墓場鬼太郎 (3) (角川文庫―貸本まんが復刻版 (み18-9))

学校も試験も何にも無い、とても羨ましい生活を送っている『ゲゲゲの鬼太郎』の前作『墓場鬼太郎』の三巻を購入しました。
此方の『墓場鬼太郎』では、主人公達は『ゲゲゲの鬼太郎』の主題歌の様に、楽しい生活を送ってはいませんでした。
作中の妖怪達は、皆生活費に困窮しており、人間に借金をしたり、食費が無くコッペパンだけで飢えを凌いでいたりと、現代日本人以上に生活感溢れる存在に描かれています。


我等が鬼太郎も、生活費を得るために就職をし、糊口を凌ごうとしています。

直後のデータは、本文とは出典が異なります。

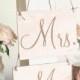 Rustic Wood Mr. and Mrs. Chair Signs Calligraphy Country Barn Wedding by Morgann Hill Designs  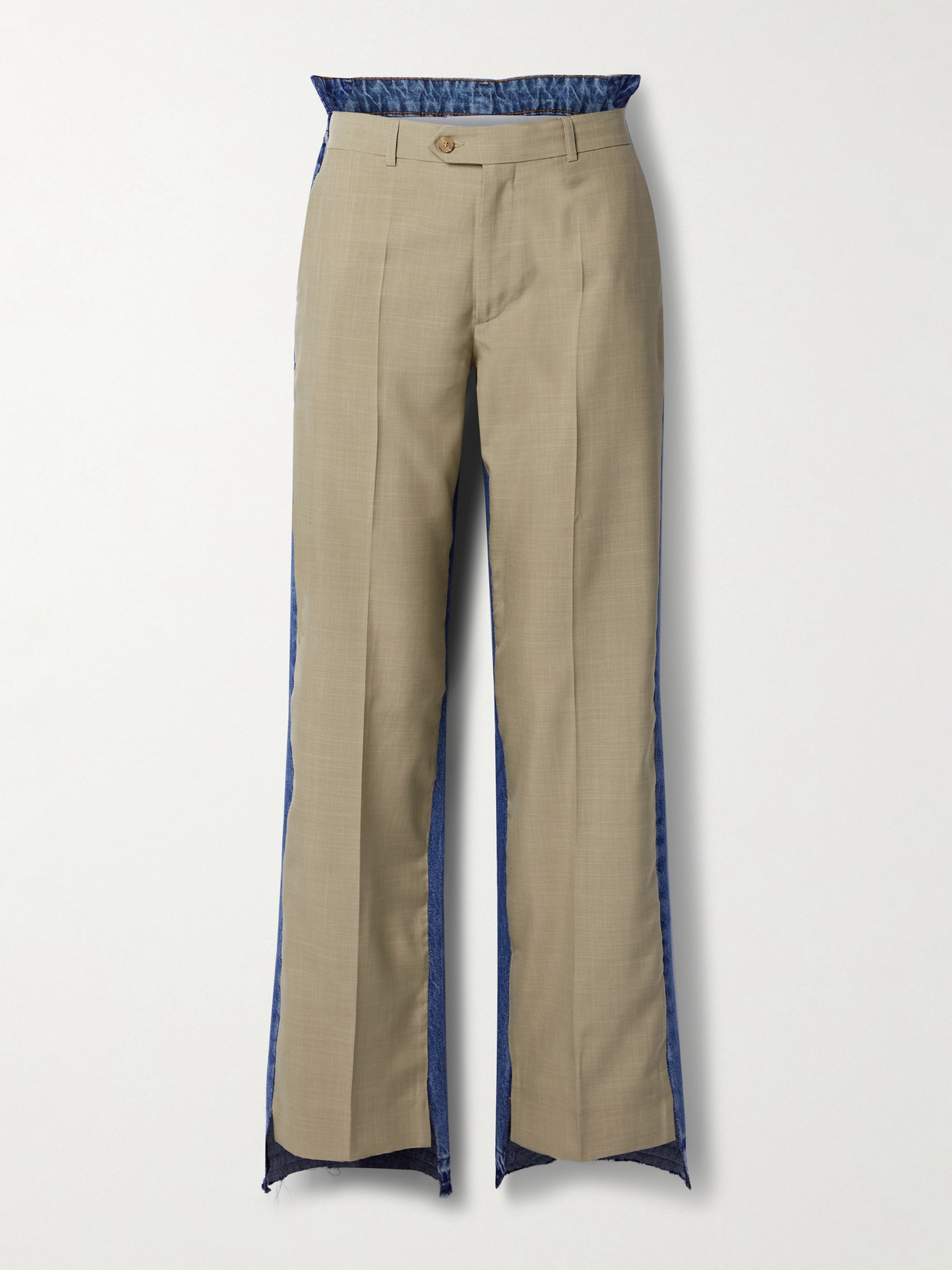 Bettter + Net Sustain Denitrousers Wool-blend And Denim Straight-leg Pants In Neutrals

しかも、選んだ職業が借金の取立てで、歩合制の賃金に魅かれて職を決める辺り、アニメで無償で妖怪退治をしていたヒーローとはとても思えない有様です。
何かねずみ男が二人いるような話立てになっています。


作品発表の年代が、日本の庶民が皆貧困に苦しんでいた時代なので、人も妖怪も神様も皆非常に貧しいです。
高度成長期やバブル時代に描かれた鬼太郎は、無辜の民に味方する正義のヒーロでしたが、今作ではそうではありません。
文学や音楽と同じく、漫画も世相に反映される文化であることが、この作品を読むと良く分かります。


水木しげる先生も、昔は苦労していたのが絵から伝わってきました。